SUPPLIED MATERIAL —

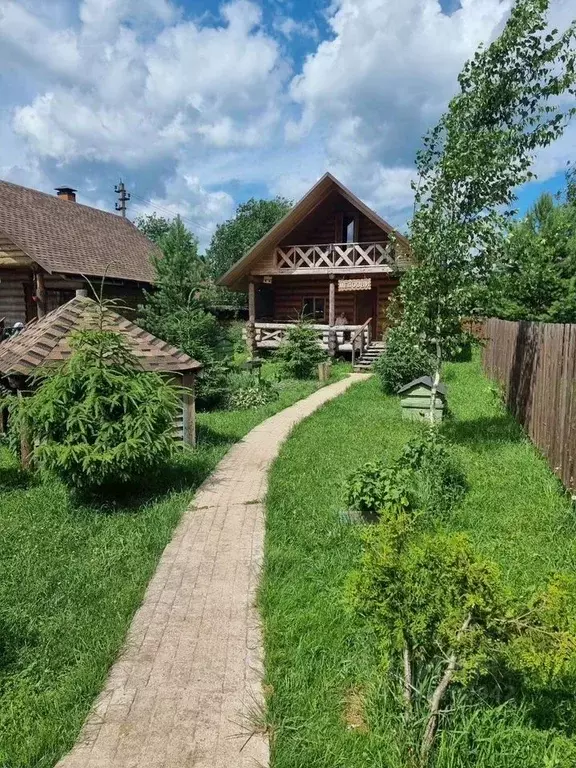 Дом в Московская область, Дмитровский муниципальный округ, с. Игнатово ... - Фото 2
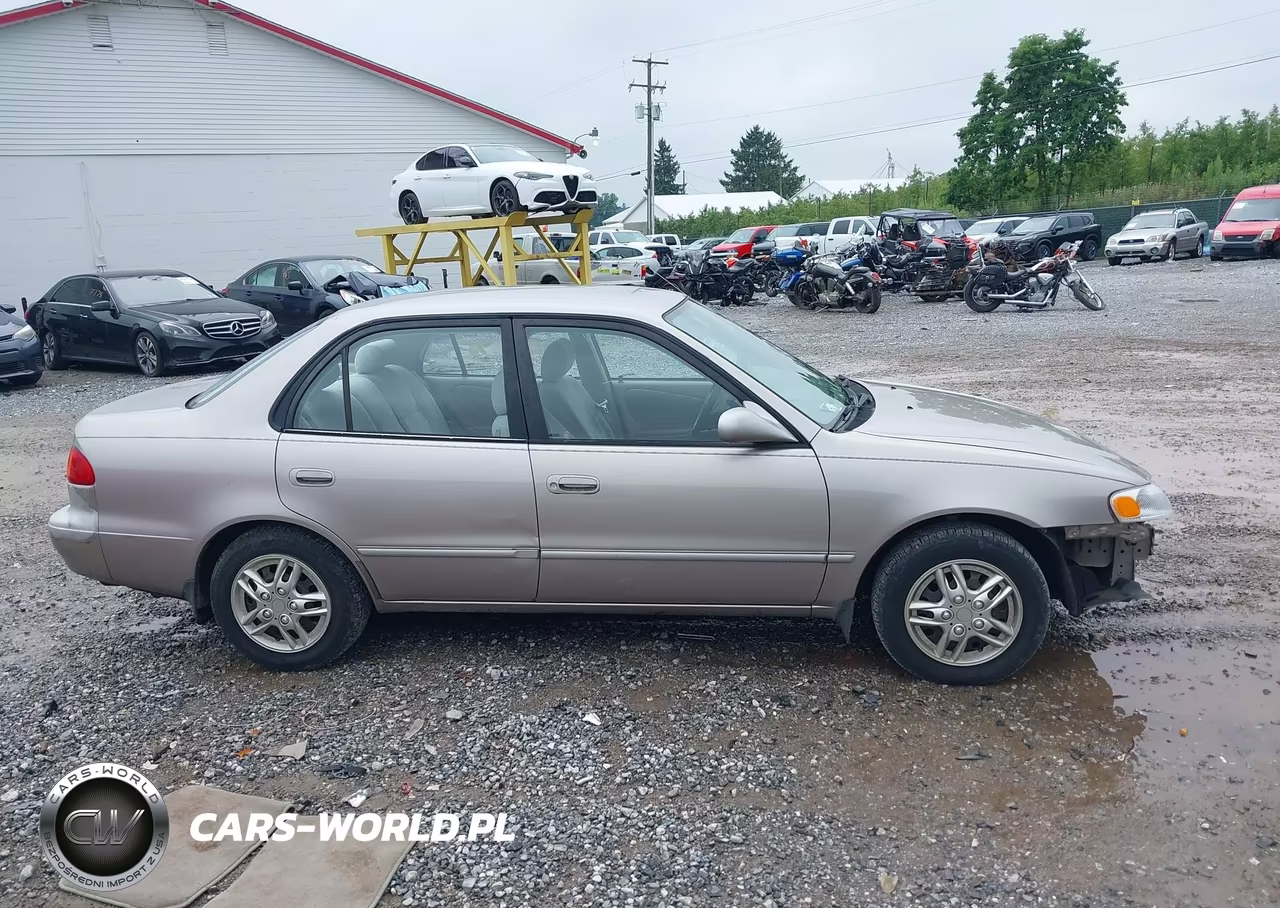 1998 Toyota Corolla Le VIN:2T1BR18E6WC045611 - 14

---

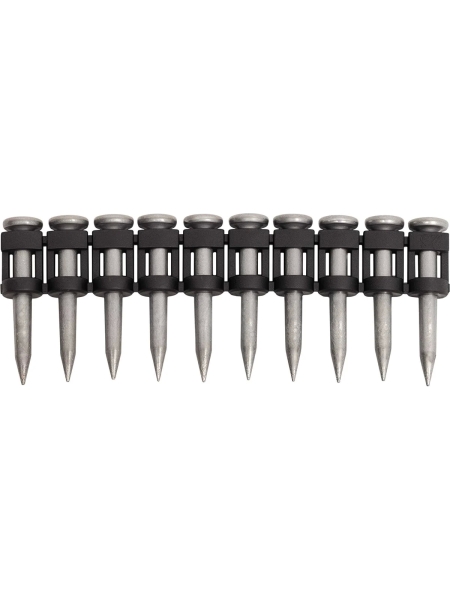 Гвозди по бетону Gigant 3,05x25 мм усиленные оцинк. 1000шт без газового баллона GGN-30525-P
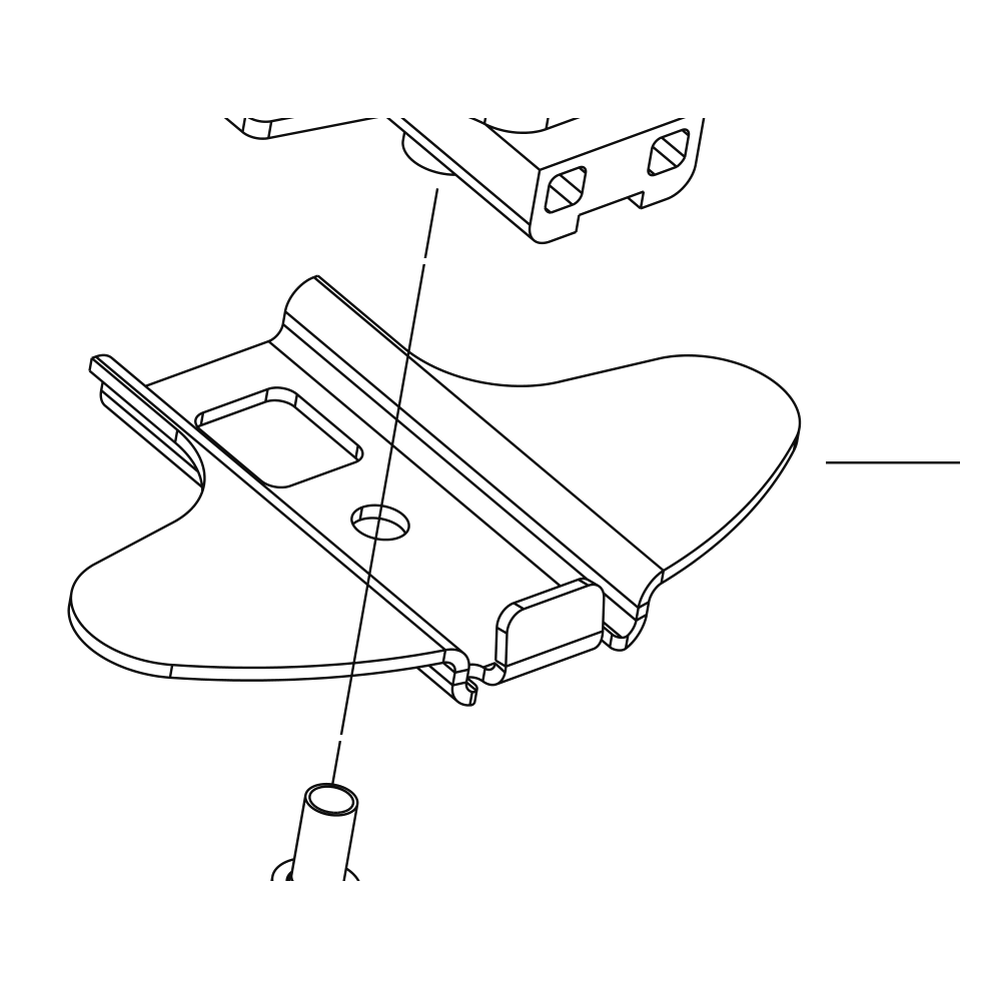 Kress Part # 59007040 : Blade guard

TASK INSTRUCTIONS — Leave out the images and write out the lines above exactly, from the one with "Гвозди по бетону" up to and including the one with "Kress Part # 59007040 : Blade guard".

REPLY TO THE TASK —
 Гвозди по бетону Gigant 3,05x25 мм усиленные оцинк. 1000шт без газового баллона GGN-30525-P
 Kress Part # 59007040 : Blade guard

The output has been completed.